▶ [SUPPLIED DATA]:
++++++++++

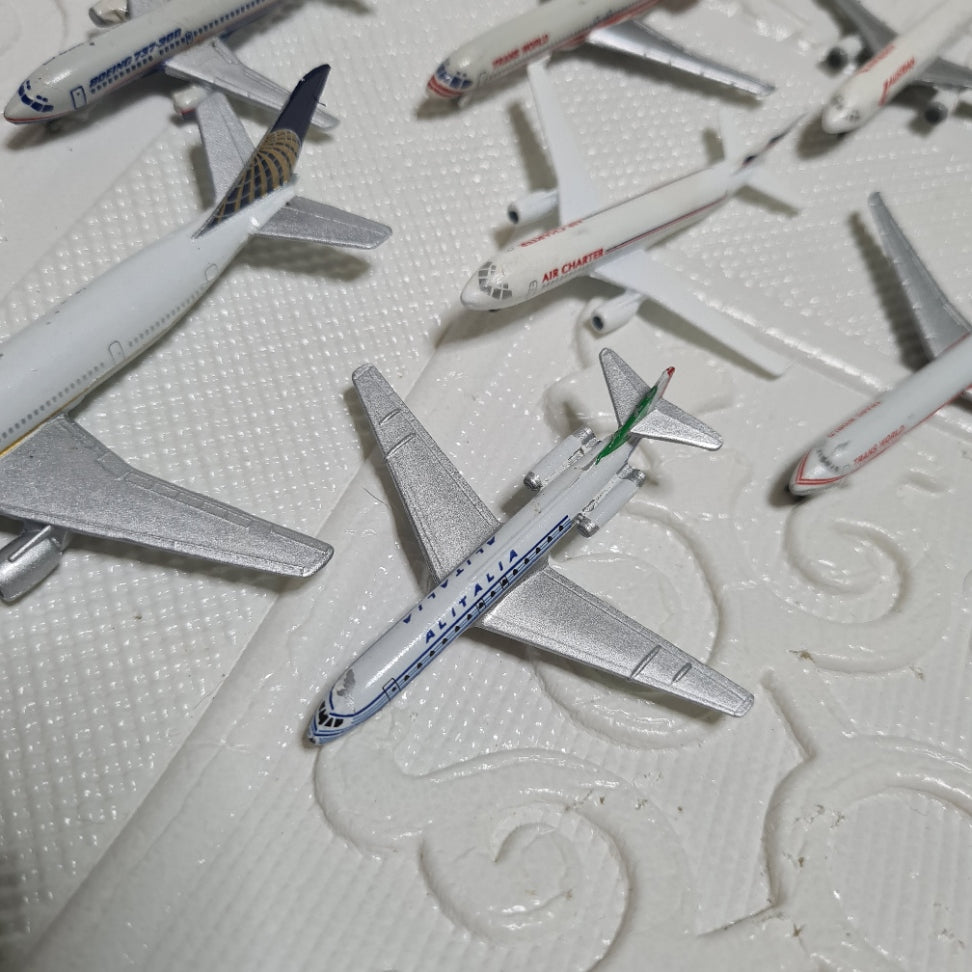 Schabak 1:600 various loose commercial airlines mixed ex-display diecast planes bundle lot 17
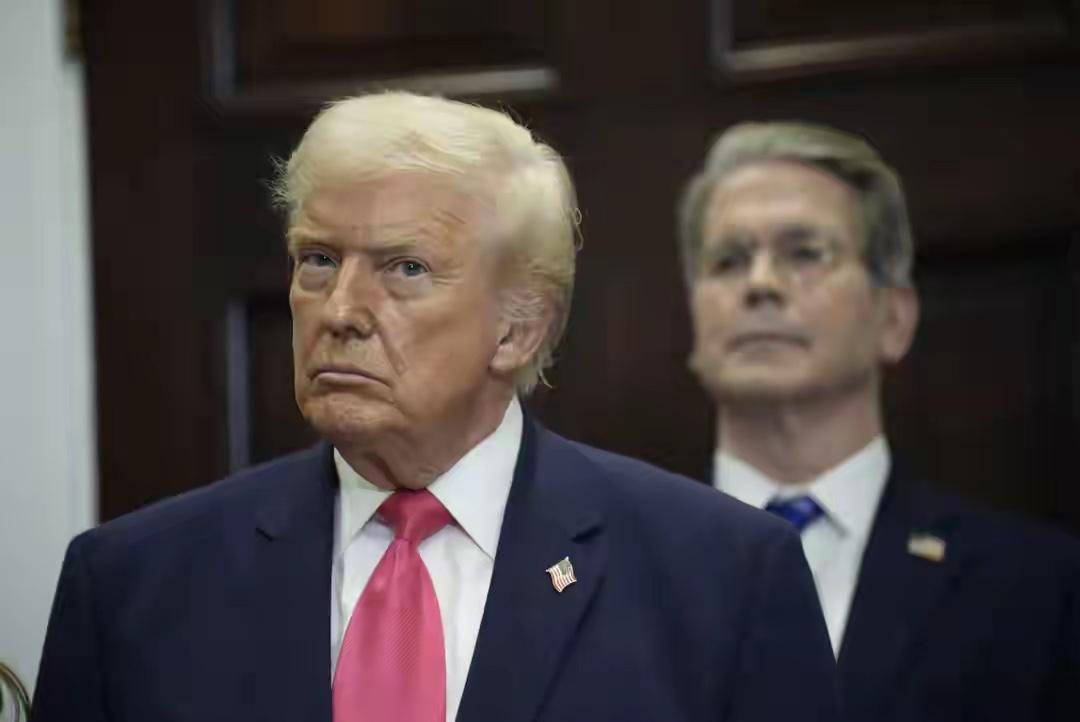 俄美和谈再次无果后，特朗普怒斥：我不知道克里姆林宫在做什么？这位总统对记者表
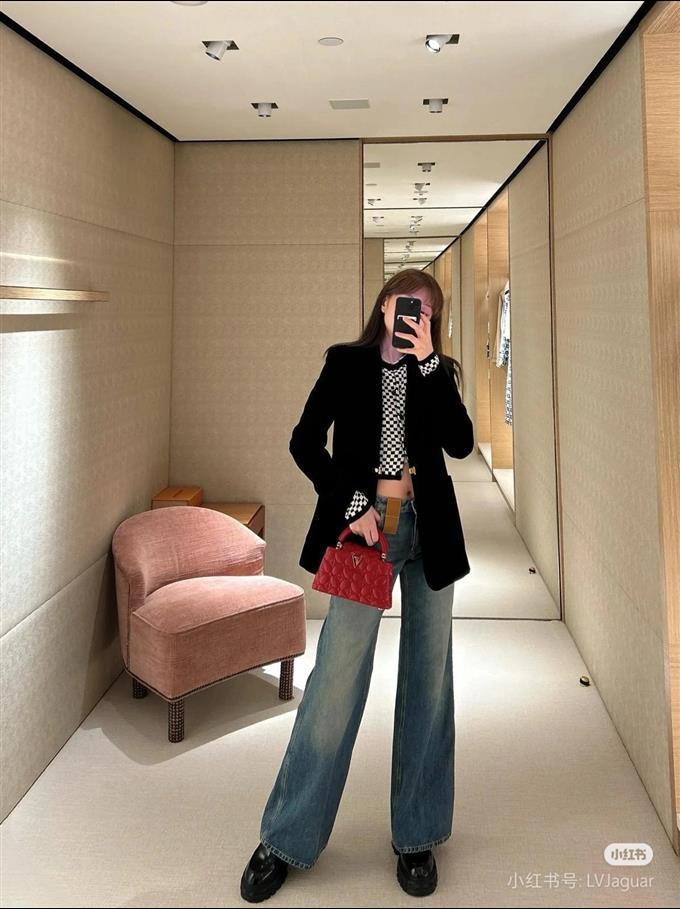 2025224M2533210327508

++++++++++

▶ [PROMPT]: Leave the pictures out and reproduce exactly the lines from the line with "俄美和谈再次无果后，特朗普怒斥：我不知道克里姆林宫在做什么？这位总统对记者表" to the end of the material above.

▶ [OUTPUT FOR THIS EXERCISE]:
 俄美和谈再次无果后，特朗普怒斥：我不知道克里姆林宫在做什么？这位总统对记者表
 2025224M2533210327508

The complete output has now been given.